SUPPLIED DATA:
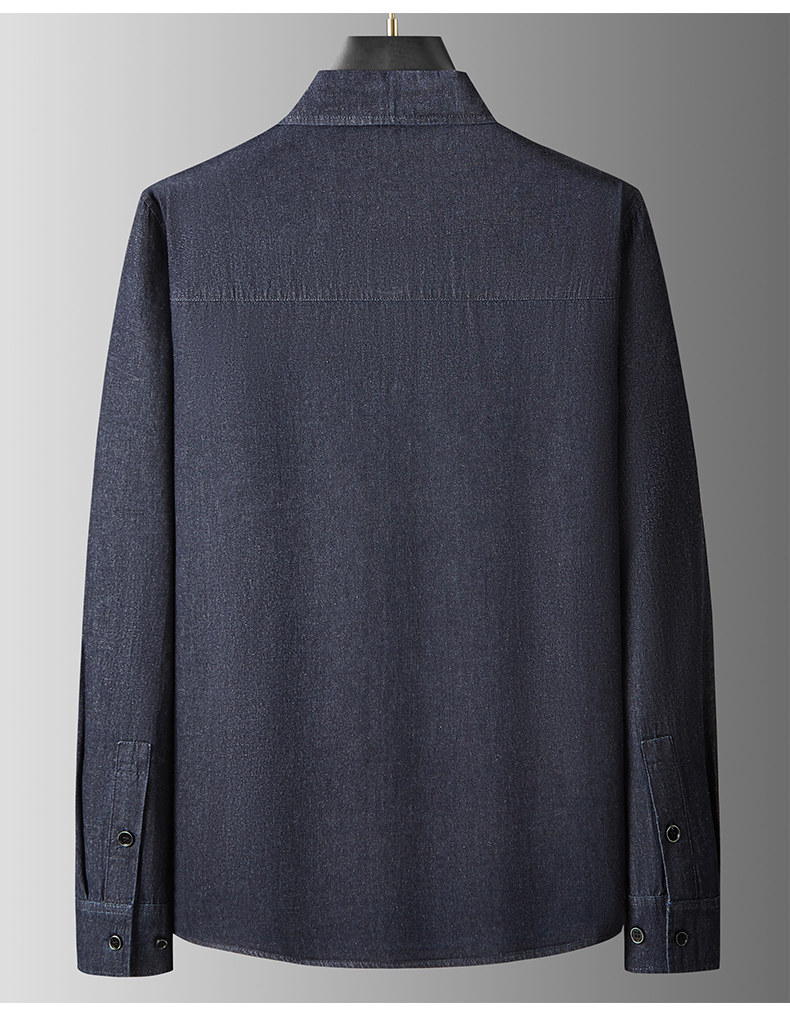 Джинсовая рубашка 胖子宽松大码牛仔外套秋季长袖衬衫加肥大号青年男士纯棉牛子衬衣 BAODUNWOLF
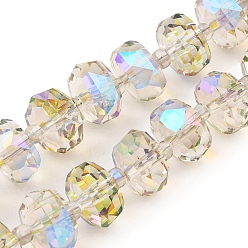 Бежевый Прозрачные стеклянные бусины гальваническим пряди, гальваническое покрытие, граненые, рондель, бежевые, 9x6 мм, отверстие : 1.2 мм, около 60 шт / нитка, 19.69'' (50 см)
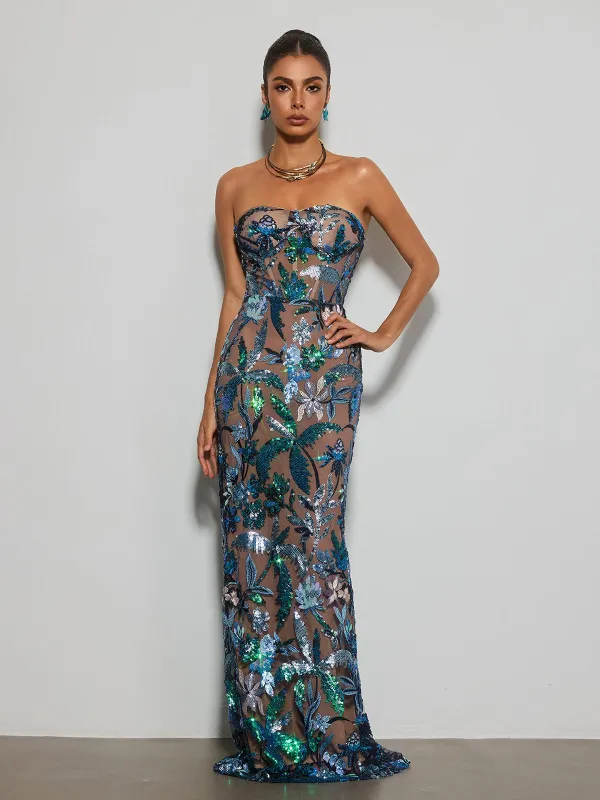 Destaing Strapless Floral Sequin Maxi Dress made by Mew Mews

ASSIGNMENT: Without the pictures, retype the whole of the material above exactly.

RESPONSE TO THE TASK:
 Джинсовая рубашка 胖子宽松大码牛仔外套秋季长袖衬衫加肥大号青年男士纯棉牛子衬衣 BAODUNWOLF
 Бежевый Прозрачные стеклянные бусины гальваническим пряди, гальваническое покрытие, граненые, рондель, бежевые, 9x6 мм, отверстие : 1.2 мм, около 60 шт / нитка, 19.69'' (50 см)
 Destaing Strapless Floral Sequin Maxi Dress made by Mew Mews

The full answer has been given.